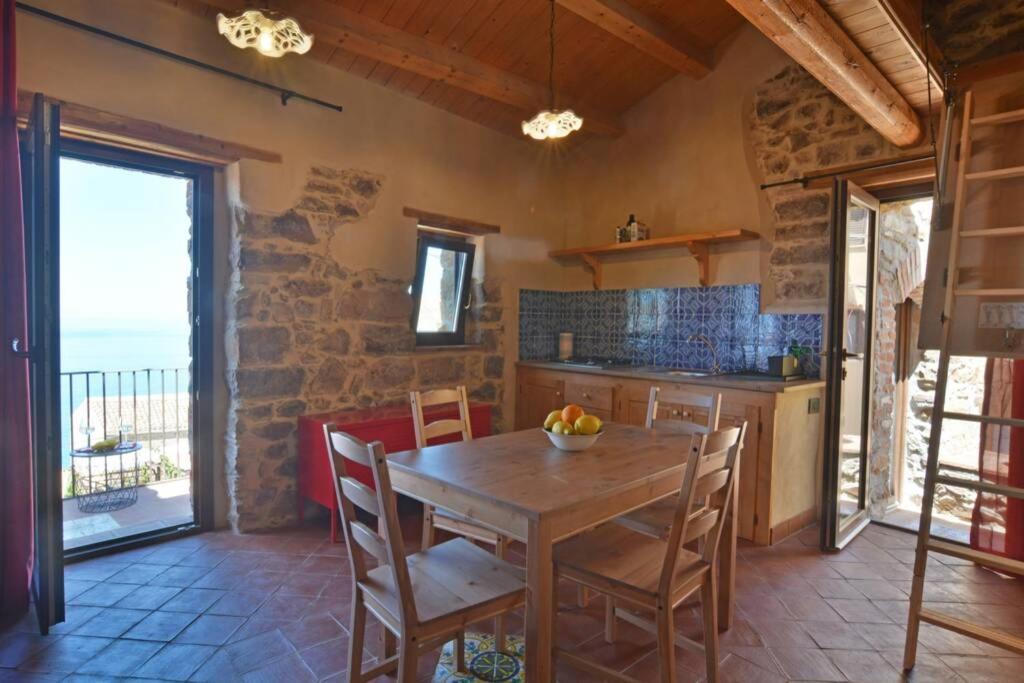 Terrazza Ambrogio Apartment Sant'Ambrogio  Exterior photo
==
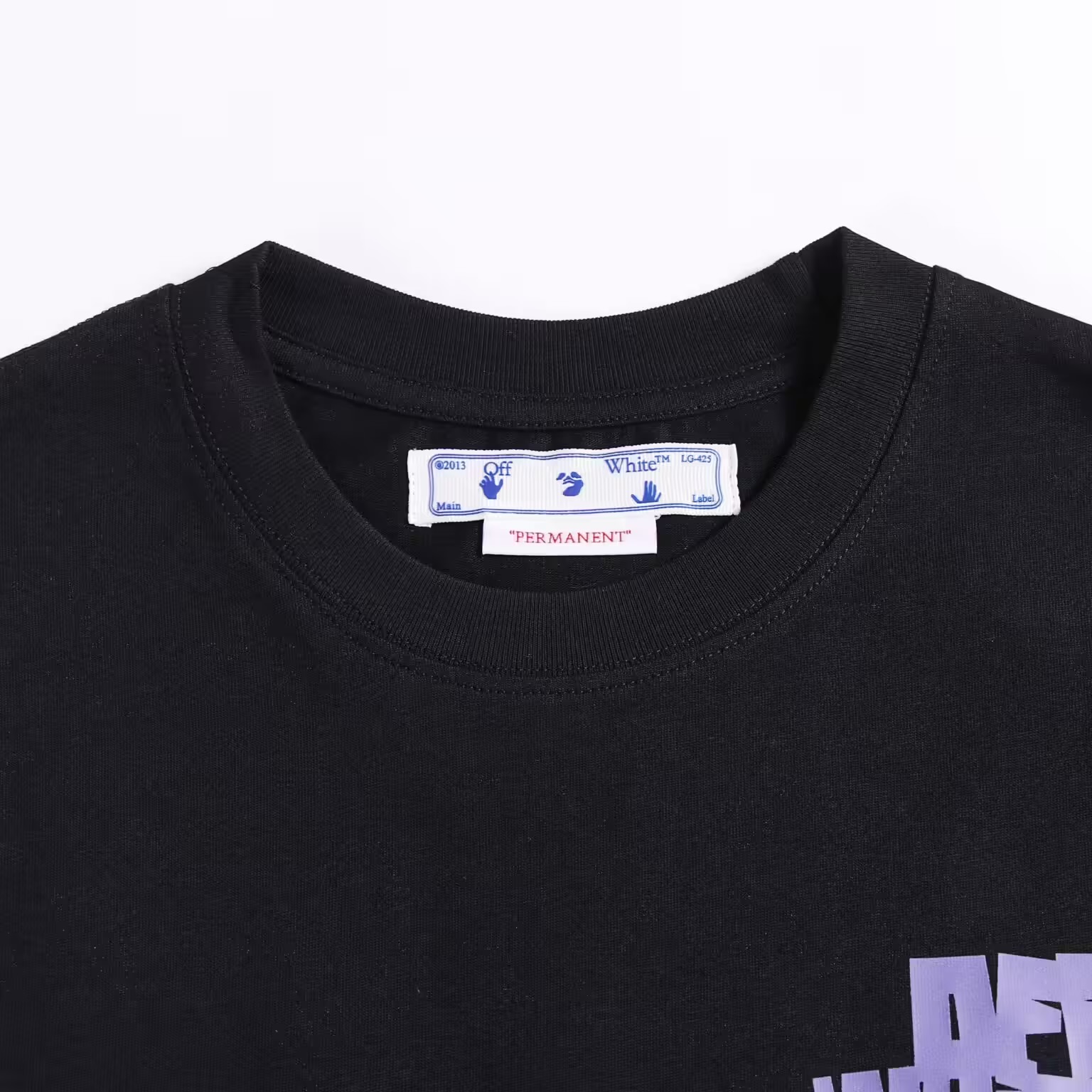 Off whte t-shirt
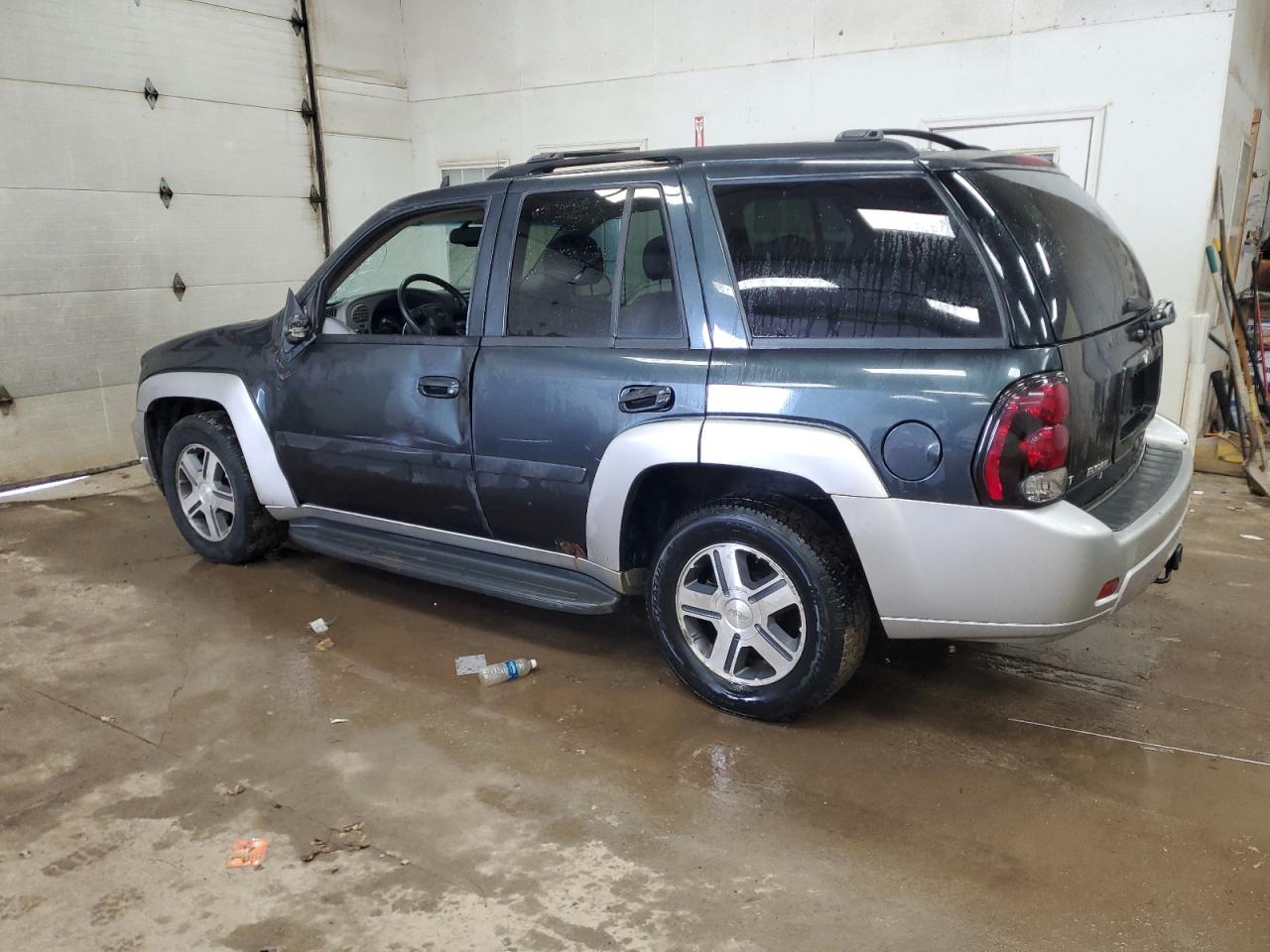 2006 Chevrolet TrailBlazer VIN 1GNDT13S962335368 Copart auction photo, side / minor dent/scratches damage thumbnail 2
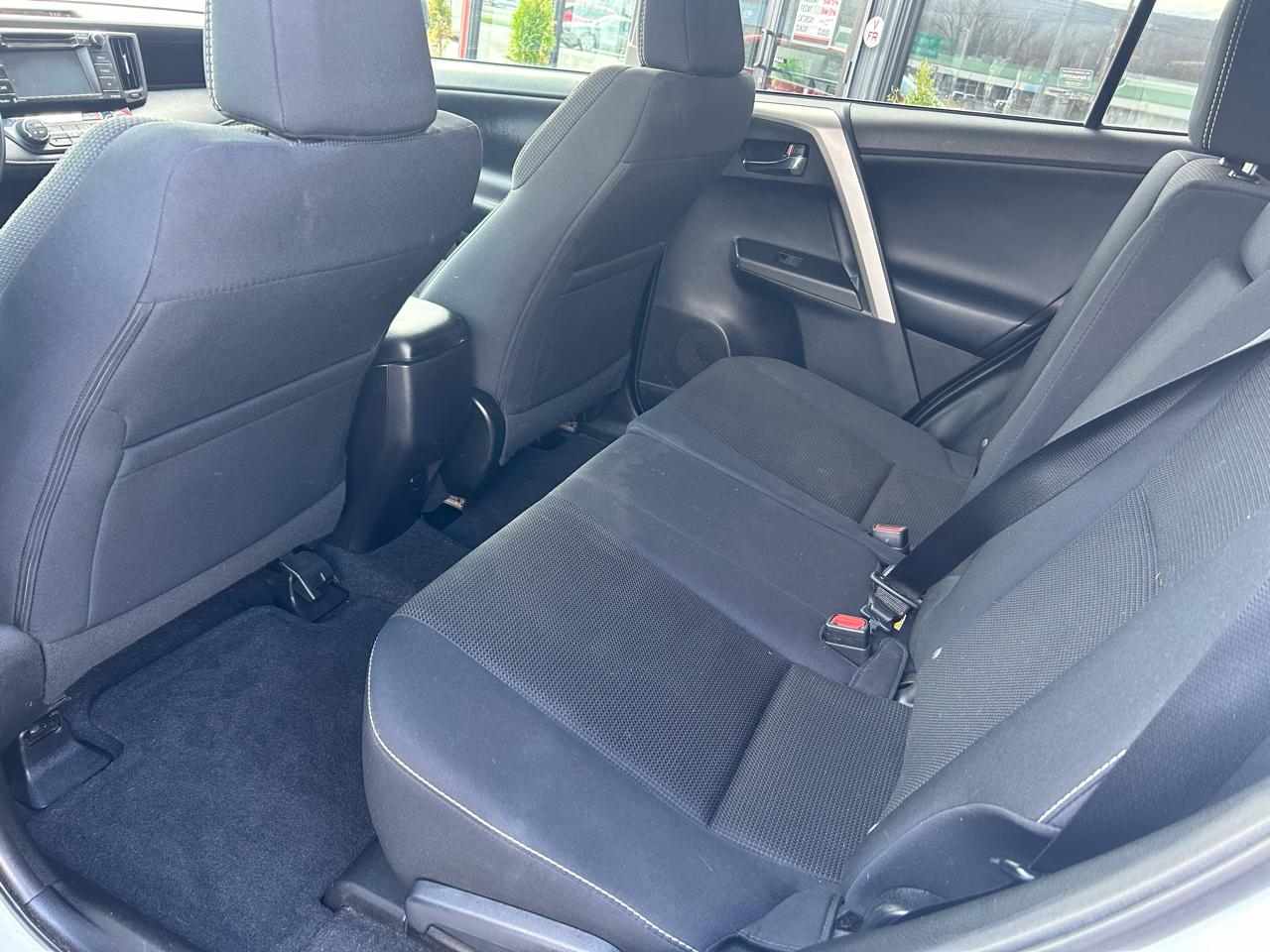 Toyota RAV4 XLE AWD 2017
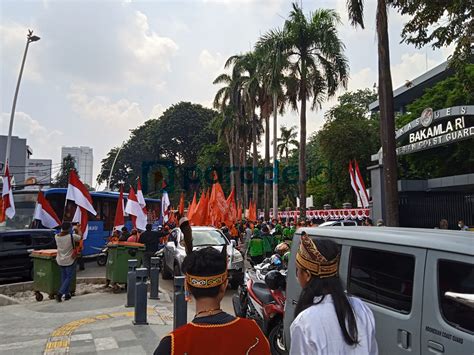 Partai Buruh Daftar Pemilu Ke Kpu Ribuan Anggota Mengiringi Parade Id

• Task objective: The material above holds pictures; leave them out. Repeat exactly the lines from the one containing "Off whte t-shirt" through the one containing "Partai Buruh Daftar", and nothing else.

• Answer to the problem:
 Off whte t-shirt
 2006 Chevrolet TrailBlazer VIN 1GNDT13S962335368 Copart auction photo, side / minor dent/scratches damage thumbnail 2
 Toyota RAV4 XLE AWD 2017
 Partai Buruh Daftar Pemilu Ke Kpu Ribuan Anggota Mengiringi Parade Id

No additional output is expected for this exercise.